En nada se parece esta narración en la que el humo se lleva las palabras a la de Don DeLillo en El hombre del salto. O a la de Safran Foer en Tan lejos, tan cerca. Safran Foer y DeLillo escriben inmediatamente, con la retina cruzada todavía por los aviones atravesando las Torres, por esas figuras negras que se tiraban desde los pisos superiores. Pero Pynchon no puede escribir hasta mucho tiempo después. Igual que su protagonista no puede volver a la Zona Cero, a «lo que se supone que debería ser el aura que rodea un lugar sagrado, pero que no lo es».

Si el mundo cambia con el impacto de los aviones, también cambia la novela de Pynchon. Se vuelve más turbia, más viscosa, se llena de preguntas que sabemos no van a encontrar respuesta, se despliega como una red tejida por una araña loca. Así, Pynchon consigue ese raro prodigio que muy pocos autores alcanzan: convertir su relato en lo mismo que narra.

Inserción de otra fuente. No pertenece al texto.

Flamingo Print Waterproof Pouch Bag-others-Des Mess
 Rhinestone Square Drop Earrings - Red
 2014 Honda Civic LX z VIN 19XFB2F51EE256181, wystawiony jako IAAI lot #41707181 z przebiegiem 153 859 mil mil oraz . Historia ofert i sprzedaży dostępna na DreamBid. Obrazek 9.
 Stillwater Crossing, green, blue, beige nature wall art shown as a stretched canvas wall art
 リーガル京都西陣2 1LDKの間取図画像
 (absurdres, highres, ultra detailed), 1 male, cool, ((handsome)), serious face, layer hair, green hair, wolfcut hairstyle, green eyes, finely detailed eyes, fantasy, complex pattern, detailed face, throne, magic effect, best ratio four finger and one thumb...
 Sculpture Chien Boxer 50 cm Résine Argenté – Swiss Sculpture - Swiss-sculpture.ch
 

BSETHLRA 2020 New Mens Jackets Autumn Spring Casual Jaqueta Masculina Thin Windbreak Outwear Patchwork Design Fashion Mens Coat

Las Torres caen y en la novela se abre un agujero que nos lleva a uno de los mitos más repetidos en Pynchon: el Mundo Hueco. Es lo que deja en evidencia la Zona Cero: un portal de entrada a un inframundo indescifrable y maligno. El atentado ha dejado al descubierto el agujero negro que taponaban las Torres con su presencia constante, la madriguera de un conejo mefistofélico que conduce al corazón del mal y lo libera. Las respuestas que buscamos solo pueden estar en otro lado. Y ese otro lado en Pynchon se llama Deep Archer, el mundo paralelo de la web profunda. El lugar por donde Maxine sospecha vagan las almas pixeladas de los muertos que nunca vimos el 11S.

Se pixelan las almas como se pixelaron las Torres al desaparecer simultáneamente en mil pantallas. Se confunde el mundo verdadero y el televisado, lo bueno y lo malo. Lo dice uno de los personajes secundarios de la novela: una exótica mujer guatemalteca con modales de mensajero ultraterreno: «El infierno no tiene por qué estar bajo tierra —Xiomara levantando la mirada hacia el recuerdo desvanecido de lo que una vez estuvo delante— el infierno puede estar en el cielo…».

Pynchon nos está regalando una de las claves de su novela: la apoteosis del mal no es la caída de las Torres, no son los aviones, ni la gente tirándose desde el piso cien, el Mal real está más allá del ataque. O mejor dicho, no está más allá. Está más acá. Está en lo cotidiano. Está en la ciudad, en la sociedad que ha levantado el WTC, en la que ha creado un paraíso en la web profunda para poder seguir viviendo. Está en la sombra que queda de las Torres ahora que las Torres no están. No es casual que el supuesto villano de esta novela se llame Gabriel, el arcángel que acaba con Sodoma y Gomorra.

Un arcángel destructor en una historia sin héroes. En una historia de ruinas en la que la verdad queda sepultada por el mal, en una entropía de preguntas, en un silencio ominoso en el que nada se puede revelar. Es la anestesia de los sentidos, del sentido común, con el que responde la Administración Bush. Es la abolición de la ironía. De la disidencia. El que duda quedará condenado al bando de los malos. Y el miedo se generaliza. «Es como si todo el mundo estuviera sufriendo una regresión. El 11 de septiembre ha infantilizado a este país. Tenía una oportunidad de madurar, pero prefirió desconectar y volver a la infancia».

Deberíamos haberlo sospechado desde el arranque de la novela. Pynchon nos avisa de que no vamos a encontrar respuestas en la cita inicial:

Nueva York, como personaje en una obra de misterio no sería el detective, ni tampoco el asesino; sería el enigmático sospechoso que conoce lo que de verdad ha sucedido pero no va a contarlo.

La ciudad, con sus dos caras, la de la superficie y la subterránea, la de los rascacielos iluminados y la de la sombra de los rascacielos que ya no están, conoce la respuesta a todos los enigmas. Pero se la va a guardar.

Lo dice el terapeuta de Maxine. El 11S es un kōan.